▶ _Exercise requirements_
Return the lines of the listing below exactly as they appear, beginning at the one with "Hermes Porcelain A" and stopping after the one with "Another Branch olive"; do not include pictures.

▶ _Input for this task_
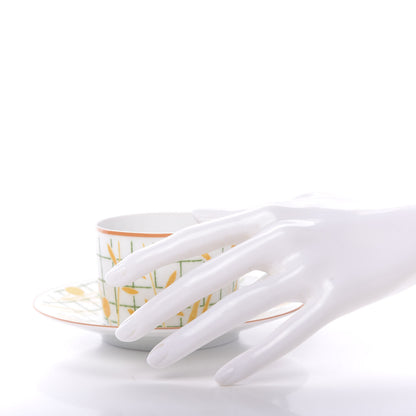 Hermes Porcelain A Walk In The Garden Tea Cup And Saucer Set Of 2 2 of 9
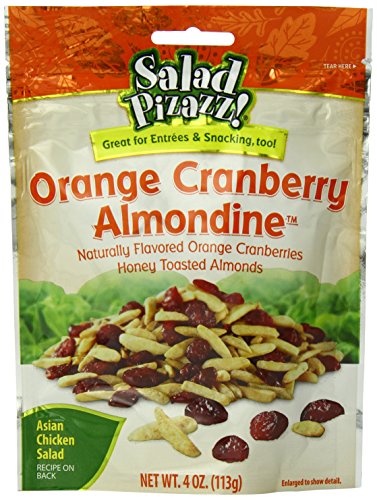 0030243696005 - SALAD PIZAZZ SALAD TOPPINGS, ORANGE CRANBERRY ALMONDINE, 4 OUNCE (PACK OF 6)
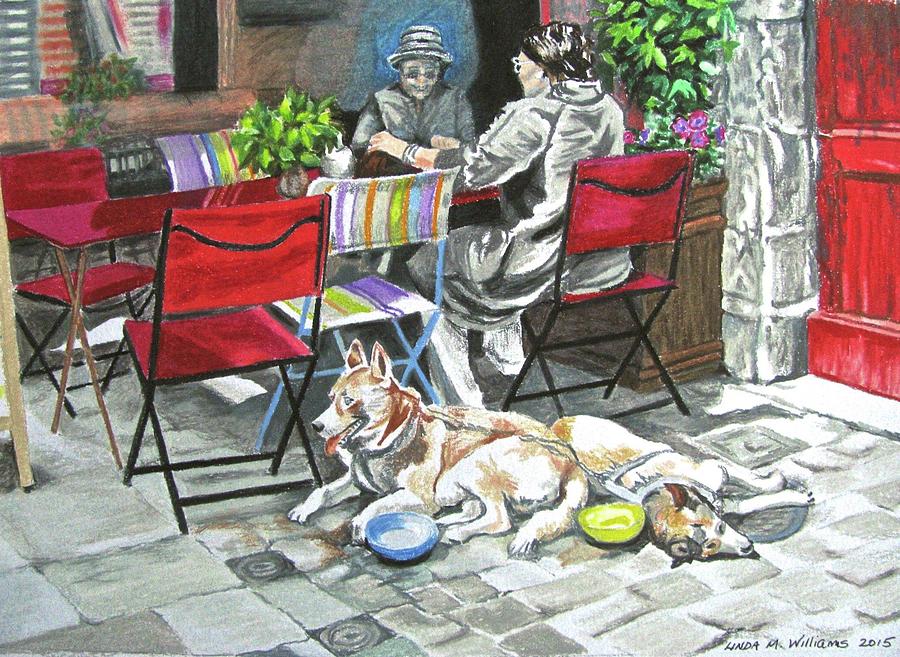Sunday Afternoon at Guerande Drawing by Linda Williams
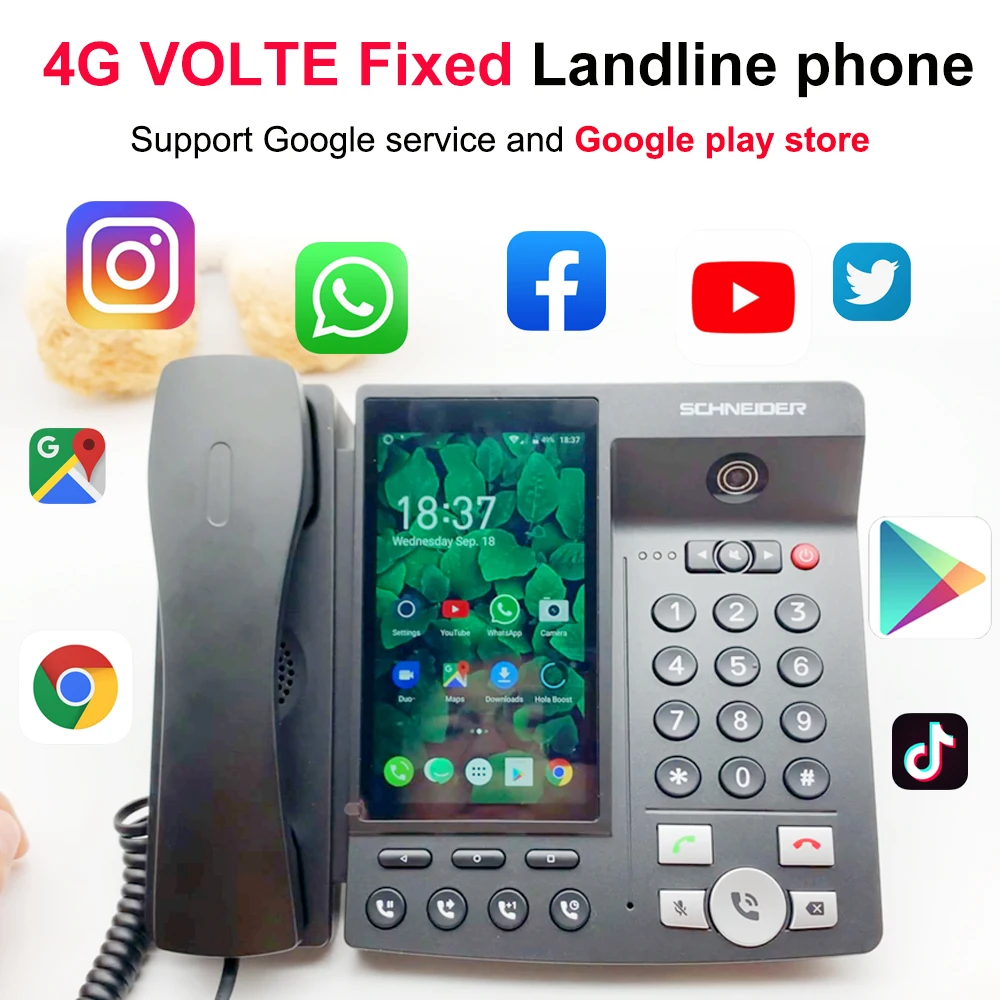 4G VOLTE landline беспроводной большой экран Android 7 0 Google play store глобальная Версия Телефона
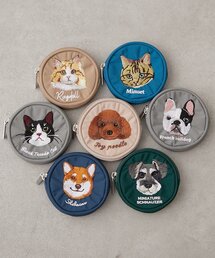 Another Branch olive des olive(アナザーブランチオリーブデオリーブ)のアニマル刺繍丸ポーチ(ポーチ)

...

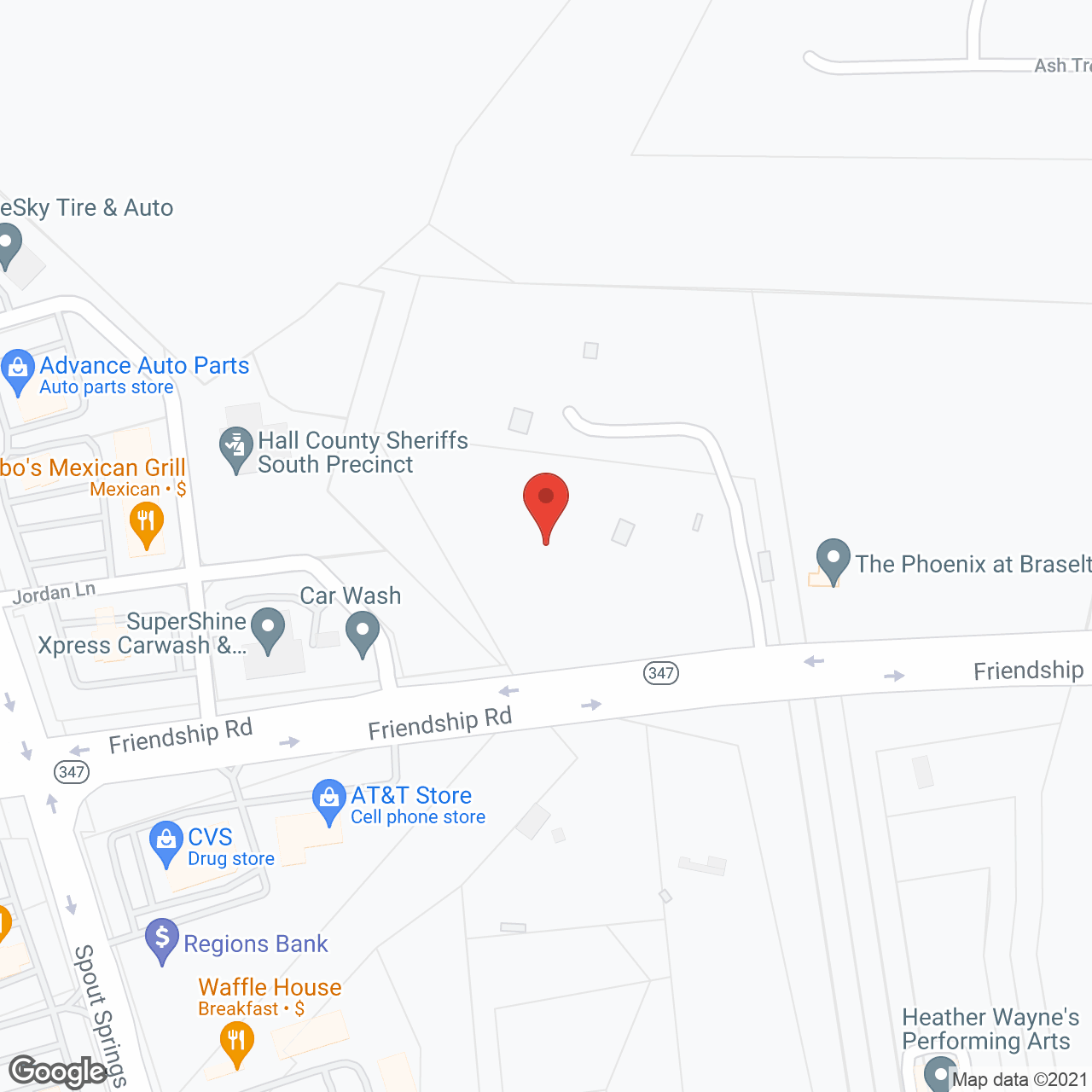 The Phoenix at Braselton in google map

▶ _Result_
 Hermes Porcelain A Walk In The Garden Tea Cup And Saucer Set Of 2 2 of 9
 0030243696005 - SALAD PIZAZZ SALAD TOPPINGS, ORANGE CRANBERRY ALMONDINE, 4 OUNCE (PACK OF 6)
Sunday Afternoon at Guerande Drawing by Linda Williams
 4G VOLTE landline беспроводной большой экран Android 7 0 Google play store глобальная Версия Телефона
 Another Branch olive des olive(アナザーブランチオリーブデオリーブ)のアニマル刺繍丸ポーチ(ポーチ)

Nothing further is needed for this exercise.